The requested URL /foo.php was not found on this server.

Additionally, a 404 Not Found error was encountered while trying to use an ErrorDocument to handle the request.

jdMorgan

1:08 am on Dec 18, 2003 (gmt 0)

WebmasterWorld Senior Member 10+ Year Member



This says that /404.php does not exist in your web root directory. (?)

Jim

lorax

1:09 am on Dec 18, 2003 (gmt 0)

WebmasterWorld Senior Member 10+ Year Member Top Contributors Of The Month



Well that's what I thought but I can see it right there in the root. Should I use a file system path or a webserver path?

jdMorgan

4:31 am on Dec 18, 2003 (gmt 0)

WebmasterWorld Senior Member 10+ Year Member



No, ErrorDocument requires a local path, such as /404.php in order to return the proper status. If you put a full URL in there, you'll get a 302-Moved Temporarily status, which can be a search engine nightmare (It's also the single-most common mistake made with ErrorDocument).

Your ErrorDocument code is correct!

What happens of you request /404.php directly (from your browser address bar)?

If you're going crazy, be assured I'm going with you! :o

Jim

lorax

2:34 pm on Dec 18, 2003 (gmt 0)

WebmasterWorld Senior Member 10+ Year Member Top Contributors Of The Month



HA! You're not going to believe this but here goes the sordid truth.

I entered the URI for the 404 page and got it - but with errors.
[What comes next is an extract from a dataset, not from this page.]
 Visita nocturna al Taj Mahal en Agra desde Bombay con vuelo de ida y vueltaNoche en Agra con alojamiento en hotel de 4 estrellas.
Seems I forgot to remove the references to my development directory for things like the CSS, includes, and images.

Changed the paths on these and the file was delivered fine. Tested for foo.html and voila - the 404 page appears.

What do you make of that?

jdMorgan

5:33 pm on Dec 18, 2003 (gmt 0)

WebmasterWorld Senior Member 10+ Year Member



> What do you make of that?

Success!

lorax

6:02 pm on Dec 18, 2003 (gmt 0)

WebmasterWorld Senior Member 10+ Year Member Top Contributors Of The Month



Ayup - I owe you two beers now.